Директор посмотрел  на него с хмурым видом: «Вечно он сопротивляется!» , но не стал спорить. У него и так  забот - полон рот. По слухам , в Царское собиралось множество гостей. Упорно твердили, что  приедут  прусский король, австрийский император, некоторые князья из  Германии - им уже в Царском Селе готовили покои во дворце... Якобы они собирались присутствовать и  на экзаменах- тут не только голова закружится!
 
- Хорошо! Пригласи сюда барона Дельвига, - буркнул он и отпустил Сашку...

 Пятнадцатого мая  начались выпускные экзамены. Первым  был латинский язык. Второй,  по закону божьему, напугал лицеистов  нашествием попов  на Лицей. Их  наехало столько, что  они удивленно смотрели на черные рясы, мелькающие тут и там. Оказывается , они были приглашены  князем  Андреем Николаевичем Голицыным,известным святошей, исполняющим в этот момент обязанности министра народного просвещения…

На экзамене по русской словесности Сашка прочитал, сверкая глазами и зубами, написанное,  хоть и  по обязанности,  но глубоко искреннее стихотворение «Безверие». Несмотря на то, что стихотворение было заказным, он  попытался в нем описать муки безбожия, хотя его  личное отношение к религии , действительно, желает  оставлять лучшего. Не зря ведь он написал в альбом  Олоси :

Ах, ведает мой добрый гений,
Что предпочел  бы я скорей
Бессмертию души моей
Бессмертие моих творений…

… В результате  экзаменов  Сашке вручили свидетельство,  где его успехи охарактеризованы так: «…оказал успехи: в Законе божьем и Священной истории, в Логике и Нравственной Философии, в Праве естественном, частном и публичном, в Российском гражданском и уголовном праве хорошие; в Латинской словесности, в Государственной экономии и Финансах весьма хорошие; в Российской и Французской словесности, также в Фехтовании превосходные; сверх того занимался Историей, Географией, Статистикой, Математикой и Немецким языком»…

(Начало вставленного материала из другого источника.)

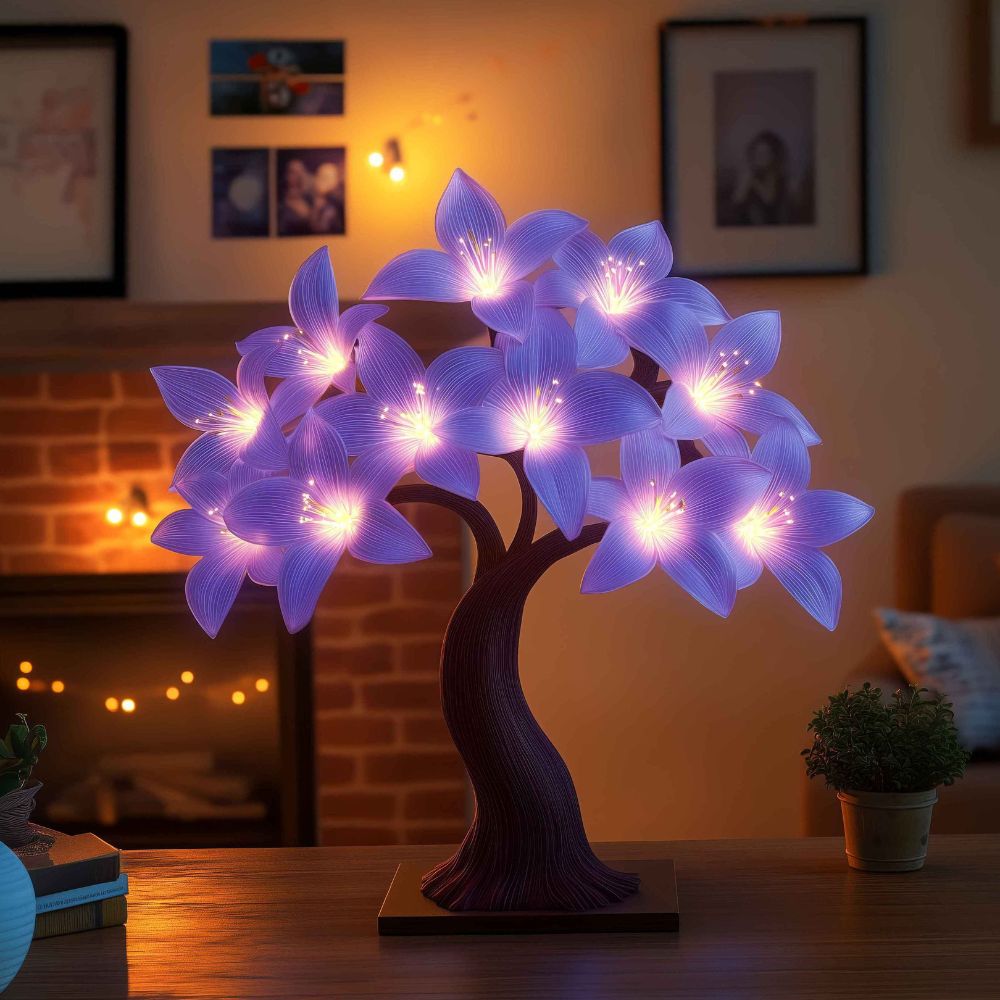 Kouvr Starfall Lily Tree in Luminous providing ambient light on a modern wooden desk at night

Он ухмыльнулся: «Занимался, да,  я историей, статистикой, и особенно - математикой!..»

Последний экзамен был сдан  тридцать первого мая,  и в этот же день в Лицее заседала конференция. Это был орган управления, где рассматривался вопрос « О распределении воспитанников». Было решено их распределить по роду службы – с  учетом желания каждого и его благонравия. Здесь же был определен круг отличников, достойных наград и медалей.

Сашка оказался зачисленным во второй разряд окончивших  Лицей с чином коллежского секретаря. Он надул губы, но вспомнил  свои многочисленные проделки,   неохотные занятия  обязательными науками и решил не зацикливаться – главное, учеба подошла к концу. И - слава Богу! Теперь - свобода!

 Все в возбуждении , с горящими щеками , в актовом зале выслушали, что четвертого июня Александр I  утвердил постановление конференции, которым в Коллегию иностранных дел  были определены: Александр Горчаков, Сергей Ломоносов, Николай Корсаков, Павел Гревениц, Вильгельм Кюхельбекер, Павел Юдин. В  государственную канцелярию направлен Дмитрий Маслов. Модест Корф – в министерство юстиции. Комовский Сергей и Стевен Фридрих - в министерство просвещения; Матюшкин Федор – в гражданскую службу. А Иллический Алексей, Антон Дельвиг и Константин Костенский -  в министерство финансов. Михаил Яковлев направлен в министерство юстиции  в Москву. Александр Пушкин - в иностранную коллегию.

Все! От них уже ничего не зависело! Их судьба была решена. Исполняющий обязанности министра народного просвещения князь Голицын  сообщил министру иностранных дел об определении   Сашки в министерство иностранных дел коллежским секретарем - колесо закрутилось!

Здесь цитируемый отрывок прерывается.